The Paramount board must approve any deal Redstone accepts. Id. A special committee of the Board met on Sunday, July 7 and signed the deal. Id. The next step is full board approval from Paramount, but the 45-day “go-shop” period leaves some questions remaining in shareholders’ minds. (Alex Weprin, The Hollywood Reporter). Finalizing this deal might prove more difficult than Redstone or Ellison expected. A class action lawsuit was filed on July 4, 2024, by Scott Baker, a shareholder who owns 40,000 shares of Class B stock. (Lucas Manfredi, The Wrap). The plaintiffs argue the deal does not include enough cash to account for the buyout of all of the non-NAI Class B shares; Baker said, “[t]hat payout is only worth $12.23 per Paramount Class B share… when the Merger closes, the non-NAI Class B shareholders will suffer $1.645 billion in damages.” Id. Concurrently, Apex Capital Trust, a company connected to Steven Weiss of Rubenstein Public Relations, seemingly made a $43 million all-cash bid as part of the “go-shop” period. (Dawn Chmielewski, Reuters). However, this offer comes with a caveat, as it is unclear to parties close to the negotiations how serious the bid is, which continues to leave Paramount in a place of limbo. Id.

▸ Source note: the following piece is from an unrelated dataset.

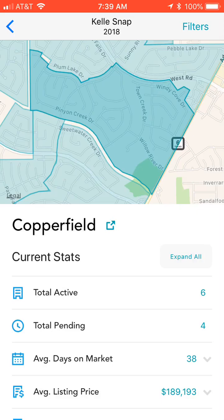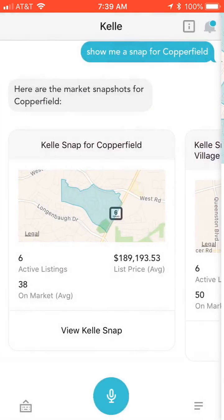That's basically how you pull a Kelly snap. Looking forward to seeing the results that you guys have from pulling those, and if you have any issues or something's not working correctly, just send a support ticket to support@kw.com — email them directly and they can assist.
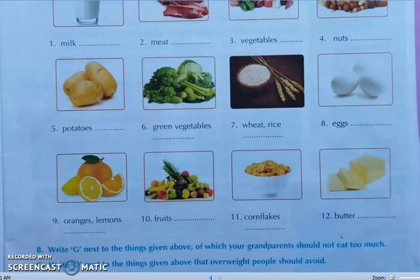Tenth, fruits. Here write C for carbohydrate and V for vitamins — so C and V. Eleventh, corn flakes. Write C for carbohydrate, V for vitamins, and M for mineral — so C, V, M. Last one, butter. Here you have to write F for fat and V for vitamins — so both F and V.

If the deal is finalized, it will make David Ellison arguably one of the most powerful people in Hollywood, and he is armed with a plan to bring in his own cast and make some major changes. (Benjamin Mullin et al., New York Times). News of a deal might have been the best-case scenario for shareholders and though they are waiting on the structure of the deal to be announced, they will have an opportunity to decide whether to stay, cash out, or even sue. Redstone’s move, however, marks the end of an era for her family and cable network television—the effect of which has yet to be seen for shareholders, behemoth streaming companies like Netflix, and the entertainment industry at large.